§ WORK TO COMPLETE
Omit every picture. Return all other data as it stands.

[SOURCE INFORMATION Boundary: Start]

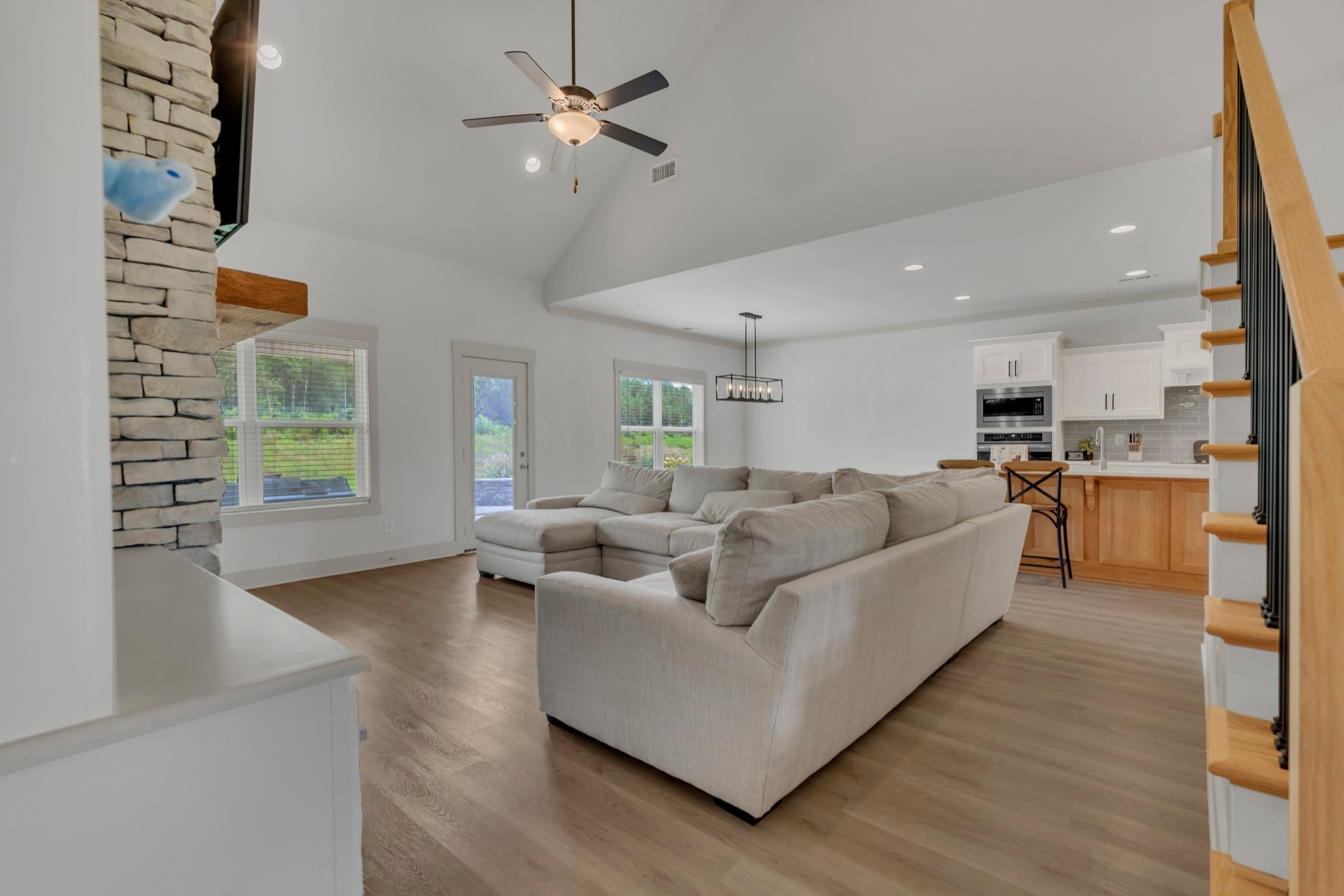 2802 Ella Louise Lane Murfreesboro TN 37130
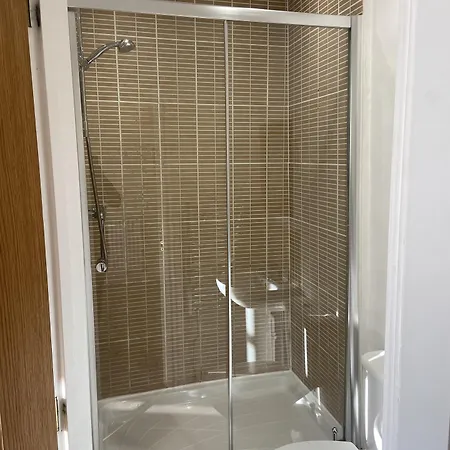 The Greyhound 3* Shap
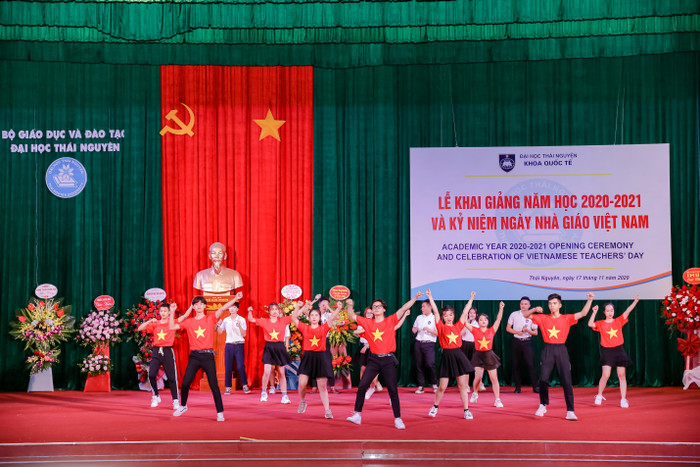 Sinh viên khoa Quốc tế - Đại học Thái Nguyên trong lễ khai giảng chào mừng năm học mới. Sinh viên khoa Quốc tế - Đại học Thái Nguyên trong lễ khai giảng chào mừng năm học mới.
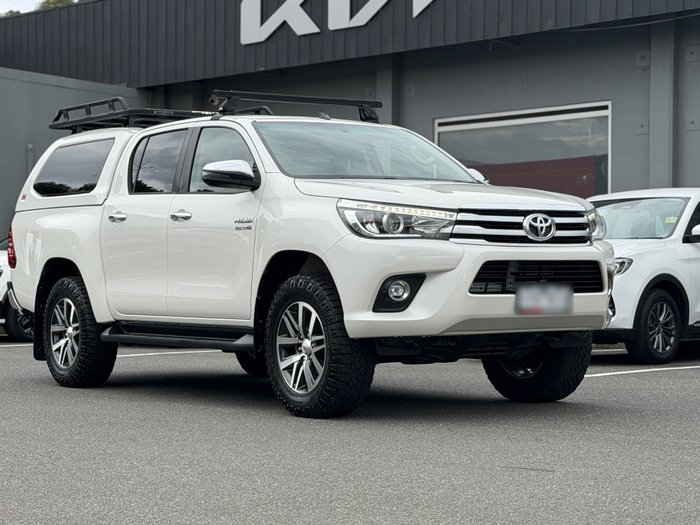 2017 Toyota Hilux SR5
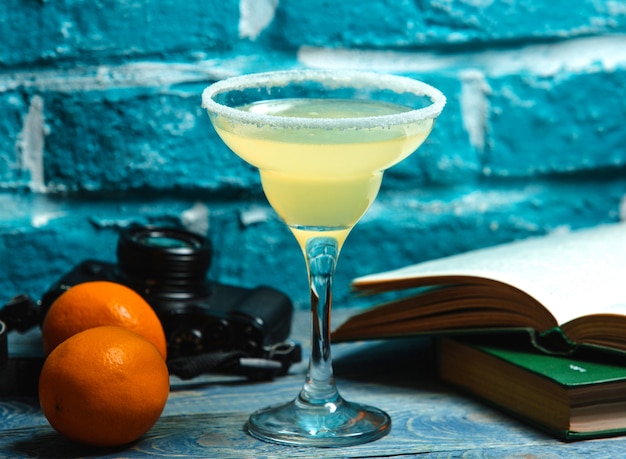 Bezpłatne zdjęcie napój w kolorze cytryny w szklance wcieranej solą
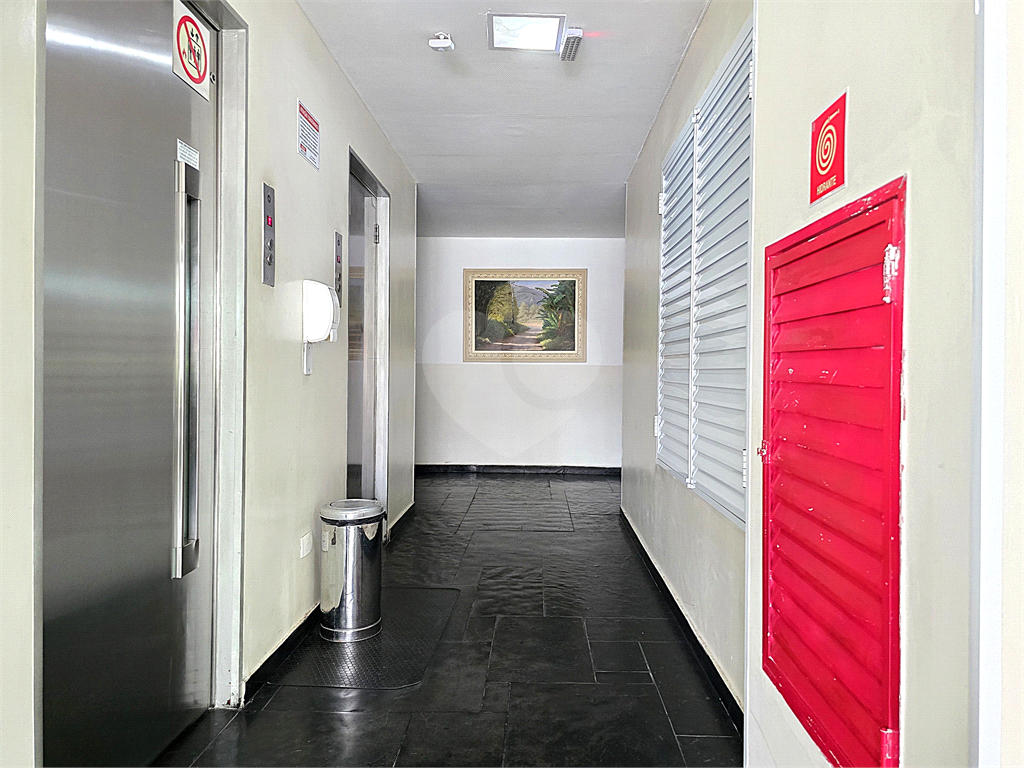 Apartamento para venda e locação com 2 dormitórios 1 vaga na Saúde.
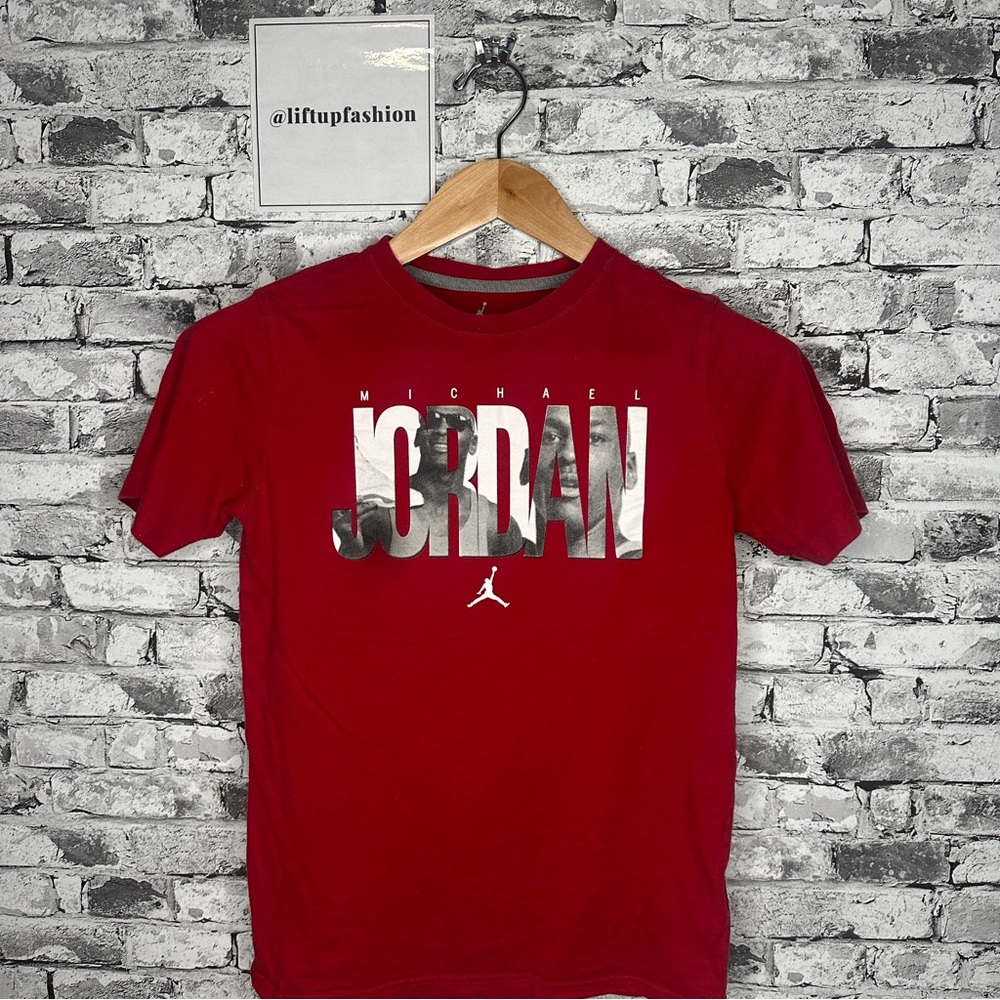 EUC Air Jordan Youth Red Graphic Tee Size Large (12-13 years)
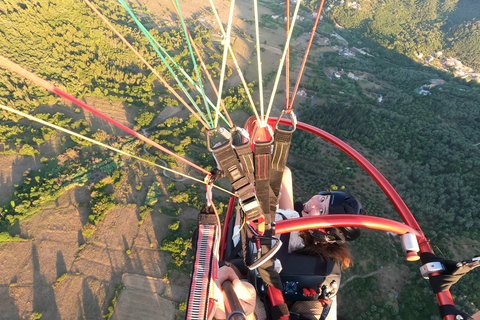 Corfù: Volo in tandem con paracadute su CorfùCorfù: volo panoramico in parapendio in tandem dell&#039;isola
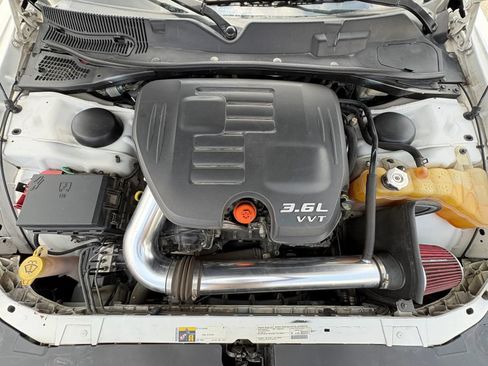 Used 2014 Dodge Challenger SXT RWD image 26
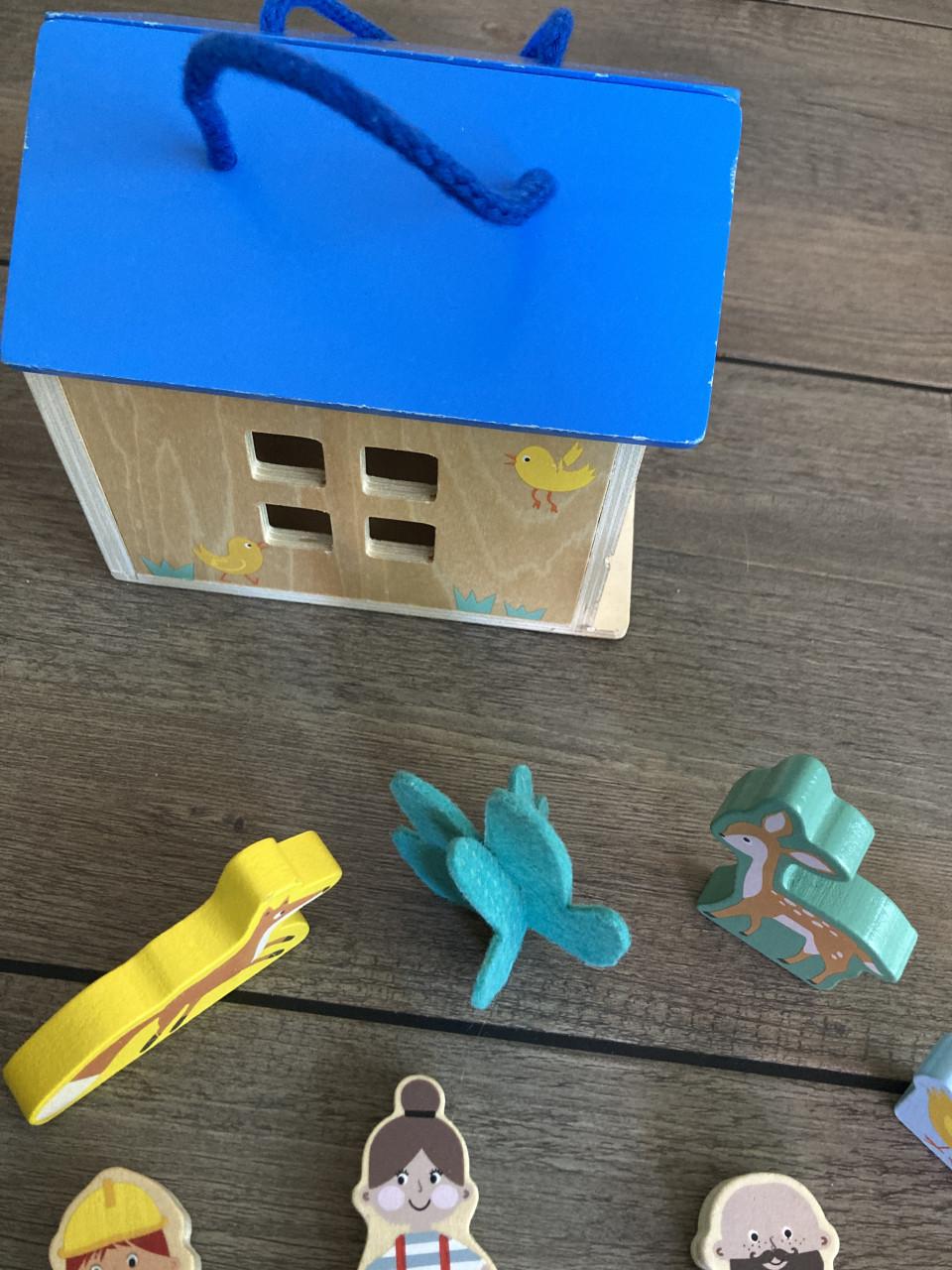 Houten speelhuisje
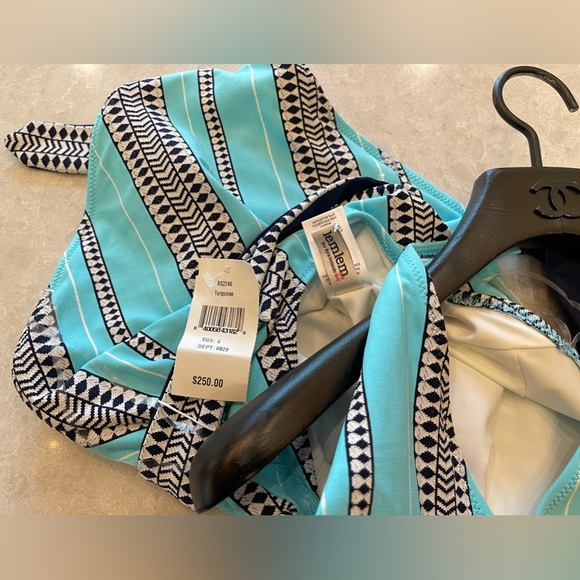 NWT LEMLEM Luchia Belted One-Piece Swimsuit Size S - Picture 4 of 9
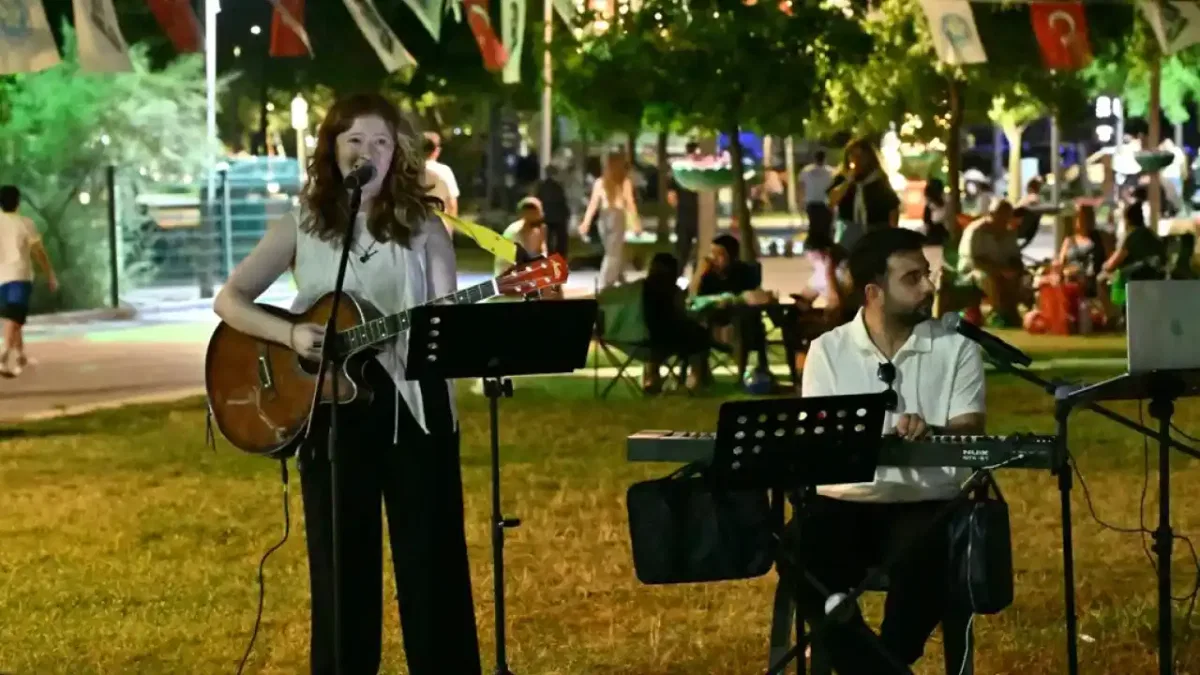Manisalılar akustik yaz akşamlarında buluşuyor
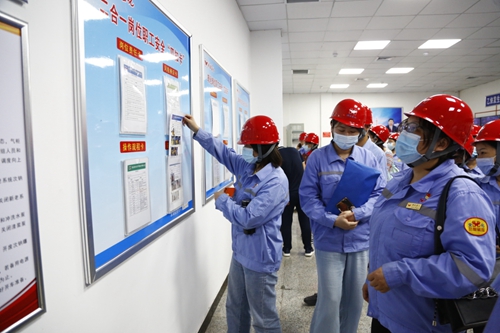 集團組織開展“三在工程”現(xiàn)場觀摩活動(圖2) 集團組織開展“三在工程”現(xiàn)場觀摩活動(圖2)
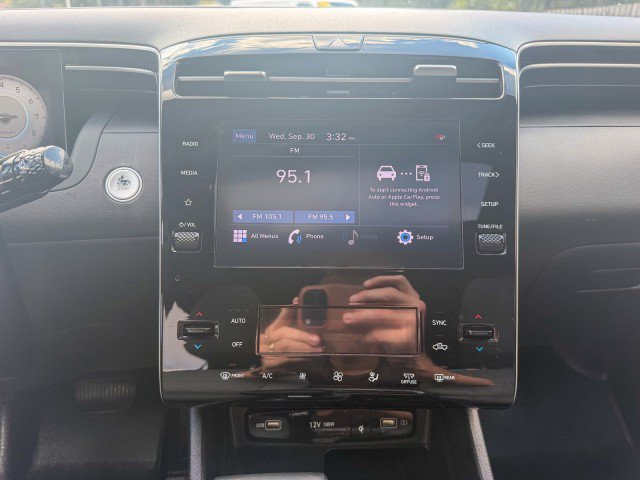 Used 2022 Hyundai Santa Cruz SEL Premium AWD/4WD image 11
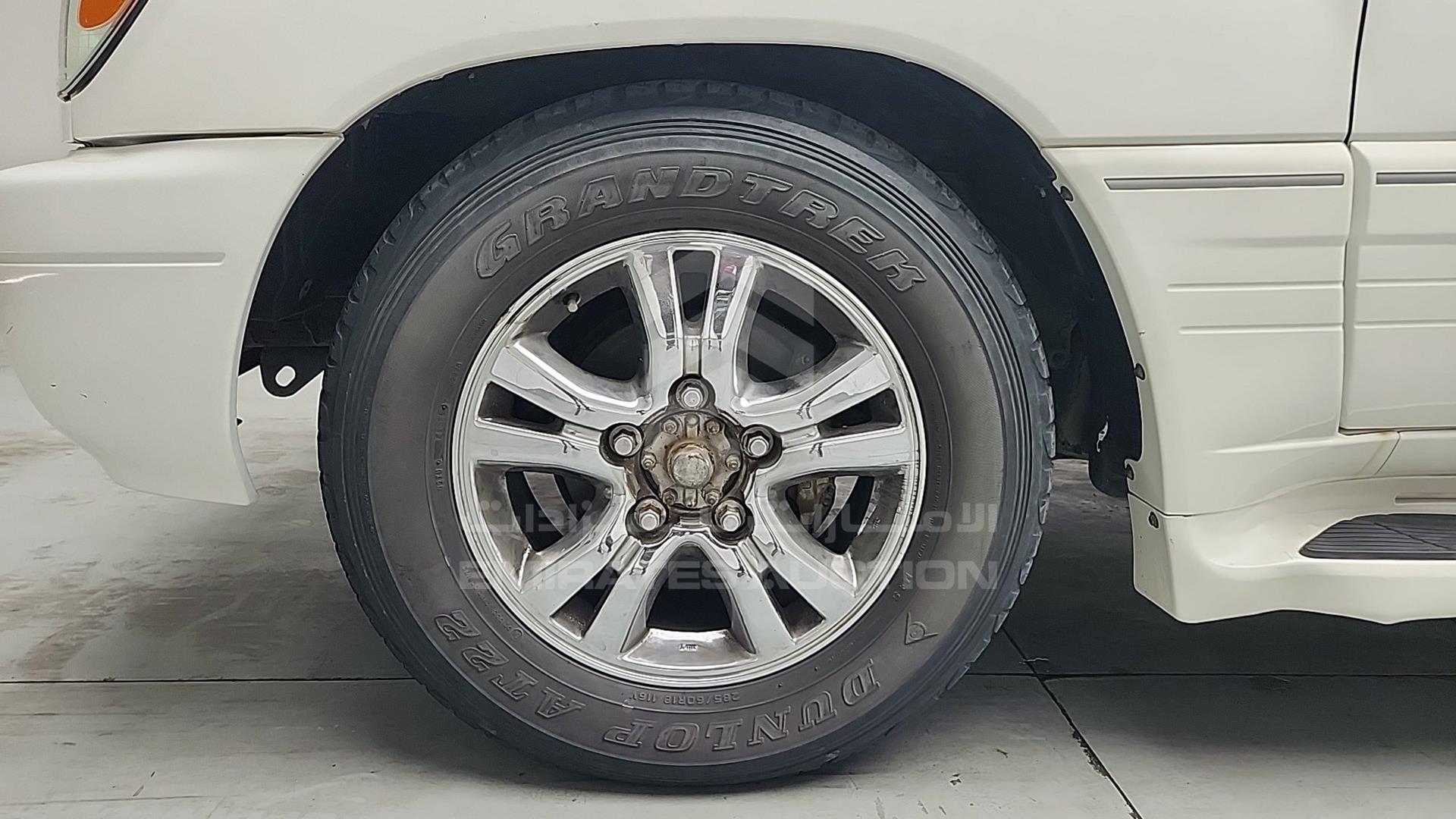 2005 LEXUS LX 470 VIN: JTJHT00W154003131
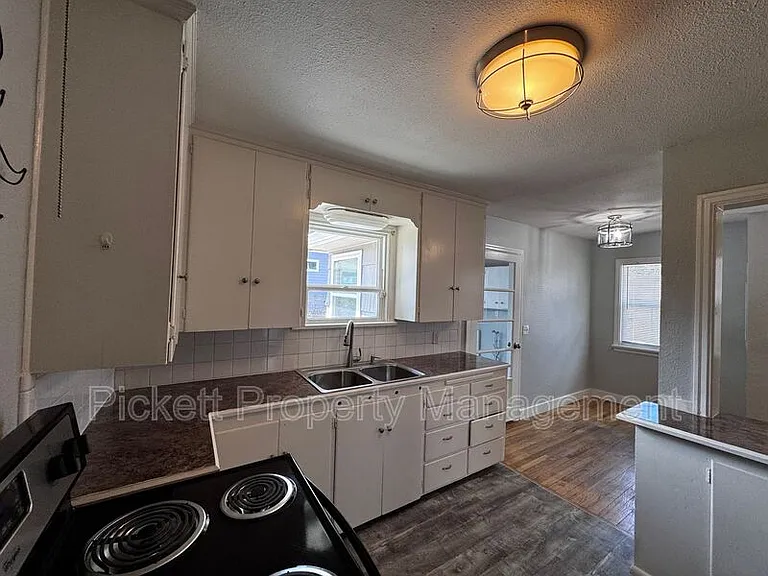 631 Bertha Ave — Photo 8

[SOURCE INFORMATION Boundary: End]

§ ANSWER SECTION
 2802 Ella Louise Lane Murfreesboro TN 37130
 The Greyhound 3* Shap
 Sinh viên khoa Quốc tế - Đại học Thái Nguyên trong lễ khai giảng chào mừng năm học mới. Sinh viên khoa Quốc tế - Đại học Thái Nguyên trong lễ khai giảng chào mừng năm học mới.
 2017 Toyota Hilux SR5
 Bezpłatne zdjęcie napój w kolorze cytryny w szklance wcieranej solą
 Apartamento para venda e locação com 2 dormitórios 1 vaga na Saúde.
 EUC Air Jordan Youth Red Graphic Tee Size Large (12-13 years)
 Corfù: Volo in tandem con paracadute su CorfùCorfù: volo panoramico in parapendio in tandem dell&#039;isola
 Used 2014 Dodge Challenger SXT RWD image 26
 Houten speelhuisje
 NWT LEMLEM Luchia Belted One-Piece Swimsuit Size S - Picture 4 of 9
Manisalılar akustik yaz akşamlarında buluşuyor
 集團組織開展“三在工程”現(xiàn)場觀摩活動(圖2) 集團組織開展“三在工程”現(xiàn)場觀摩活動(圖2)
 Used 2022 Hyundai Santa Cruz SEL Premium AWD/4WD image 11
 2005 LEXUS LX 470 VIN: JTJHT00W154003131
 631 Bertha Ave — Photo 8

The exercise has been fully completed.